Truus Schröder-Schräder, a widow raising three children in 1924 Utrecht, walked into the studio of cabinetmaker-turned-architect Gerrit Rietveld with a strange request. She wanted a house, but she preferred not to have walls. Rietveld brought her his first sketch. She was not pleased. Over months of arguments and revisions they designed the building together, sometimes Schröder at the drafting table and Rietveld at her elbow. What they finished is a small two-story house at the dead end of Prins Hendriklaan - a building that is now on the UNESCO World Heritage list, that appears on euro coins, and that almost no one builds houses like even a century later. They called it openness; the city of Utrecht called it a violation of fire code.
Schröder-Schräder is too often footnoted as the woman who commissioned the Rietveld Schröder House. She did not commission it so much as co-author it. Both architect and client subscribed to progressive social ideas about families - that bourgeois notions of respectability, hierarchy, and emotional containment could be undone by the spaces people lived in. Schröder wanted a house where the walls did not enforce the rules. She was specific: she wanted the inside to connect to the outside, no associations with the houses of her parents' generation, no boxes within boxes. The final design has her fingerprints all over it. She lived in the house until her death in 1985, sixty-one years after moving in.
The trick that makes the Schröder House work was a regulatory dodge. Utrecht's planning authorities required interior walls in any residential floor; Rietveld and Schröder declared the upper floor an 'attic' to escape that rule. The 'attic' is in fact the heart of the building: a single large room subdivided by sliding and pivoting panels. With the panels open, the upper floor is one continuous space - kitchen flowing into living room flowing into the children's bedrooms. With the panels closed, it becomes a conventional plan of three bedrooms, a bathroom, and a living room. Schröder used the panels to reconfigure her family's life every evening: open during the day for shared meals and conversation, partitioned at night for privacy. A sliding wall between the living area and her son's room covered a cupboard and a light switch, so Rietveld cut a small round opening in the panel - one of the most charming workarounds in twentieth-century architecture.
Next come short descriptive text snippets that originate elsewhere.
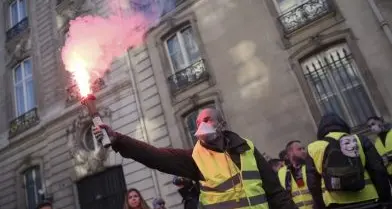 Scontri e fumogeni, i \"gilet gialli\" assediano l'Eliseo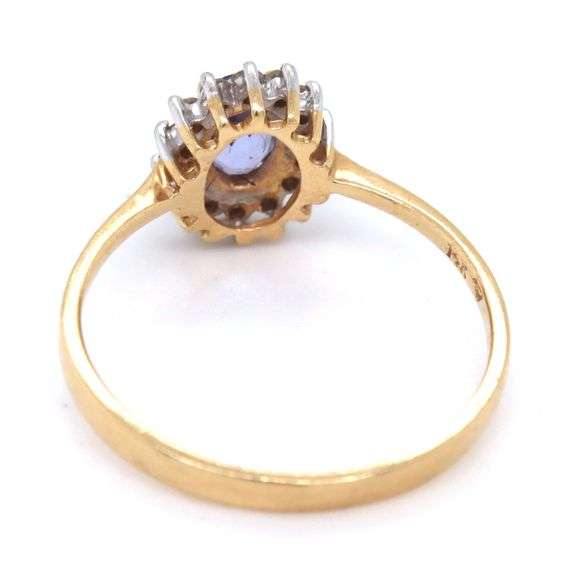 14kt Yellow gold Tanzanite and diamond ring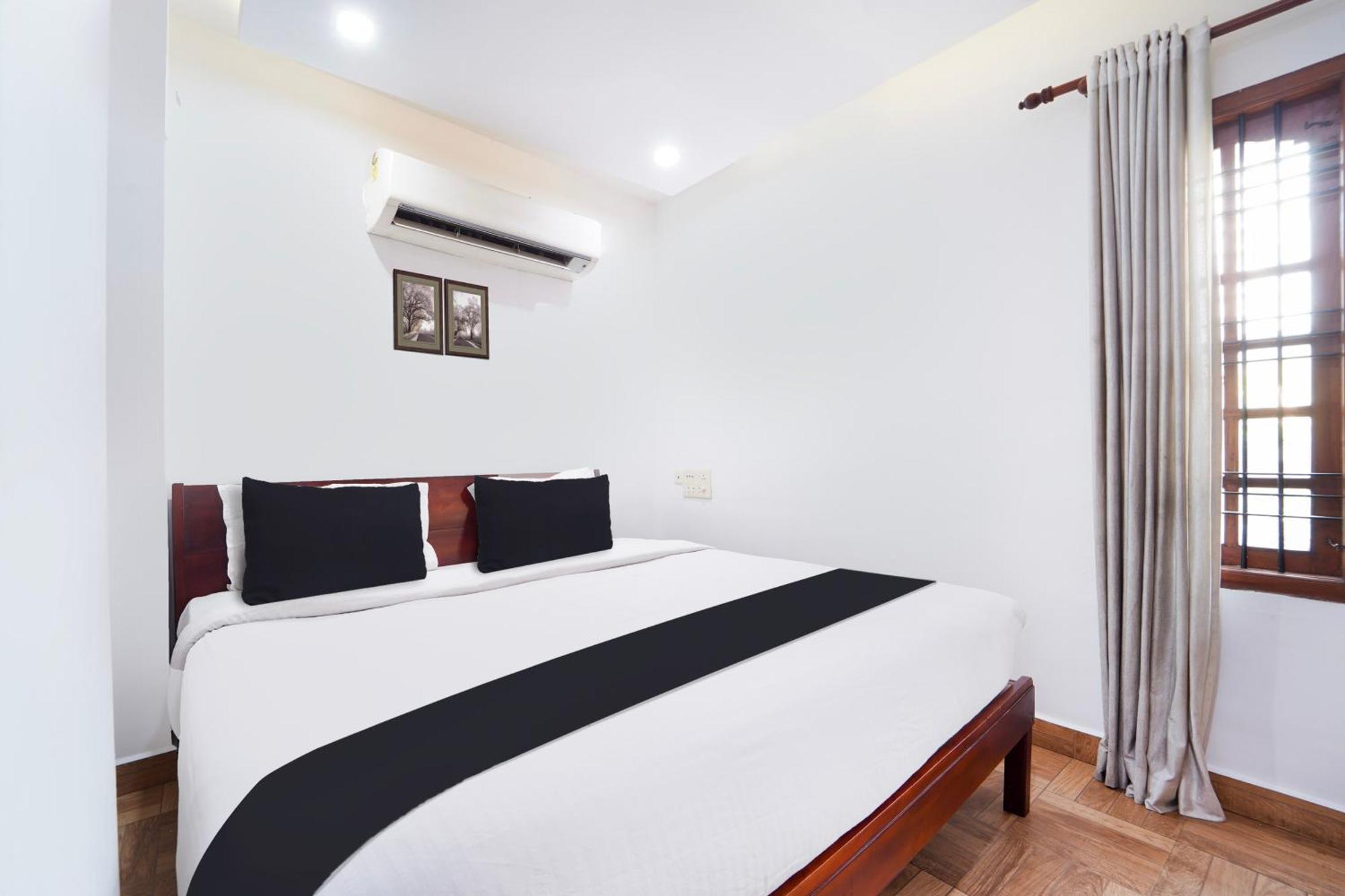 Super Townhouse City Center Ernakulam Kochi Exteriér fotografie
The facade is De Stijl made buildable. The movement - the same circle of Dutch artists that produced Piet Mondrian's grid paintings - had spent years trying to translate its principles of rectilinear lines and primary colors from canvas into the physical world. The Schröder House is widely considered the only true De Stijl building, the place where the manifestos finally became architecture. White and gray planes detach from each other as if drifting; black window frames slice across them; thin steel beams in red, yellow, and blue jut out like the brushstrokes of one of Rietveld's chairs scaled up to human size. The windows are hinged so they can only open to ninety degrees against the wall, preserving the geometry whether they are open or closed. Even the corner window opens fully outward, dissolving the building's corner so the rooms inside seem to open onto the street.
For all its visual radicalism, the Schröder House is a modest building. Rietveld originally wanted to build it in poured concrete, the material of the new century. He could not afford to. Only the foundations and balconies are concrete; the walls are ordinary brick covered in plaster, the floors are wood on wooden beams, the structure is steel girders backed by wire mesh. The house cost less than many of the conventional row houses on the same street. Truus Schröder included a garage in the design - architecturally important, practically absurd, because she did not own a car. The Schröder House has been called the world's most influential small building, and it is small: just over a hundred square meters of floor space, jammed against the end of a terrace it makes no effort to harmonize with.
Mrs. Schröder lived in the house for sixty-one years. After her death in 1985 it was restored by Bertus Mulder and transferred to the Centraal Museum, which still operates it as a museum where visitors can see the sliding panels reconfigured in real time. UNESCO inscribed it on the World Heritage list on December 2, 2000, citing criteria for outstanding universal value as the most exemplary work of De Stijl. In 2013 the Royal Dutch Mint put the house on two 5-euro coins. From the front the building still looks like a 1924 sketch that has accidentally been built at full scale - the planes still glide past each other, the windows still hinge ninety degrees, and the city it faces, now buffered by a 1960s motorway, no longer looks anything like Utrecht did when Truus Schröder asked for a house without walls.
Located at 52.085 N, 5.148 E in eastern Utrecht, just south of Wilhelminapark and east of the city center. The site sits at the end of a terraced row on Prins Hendriklaan, hard against a 1960s motorway. From cruising altitude the building is too small to identify, but Utrecht itself is easily picked out by the Dom Tower roughly 2 km west. Nearest major airport is Amsterdam Schiphol (EHAM), about 38 km northwest. Rotterdam The Hague (EHRD) lies about 55 km southwest.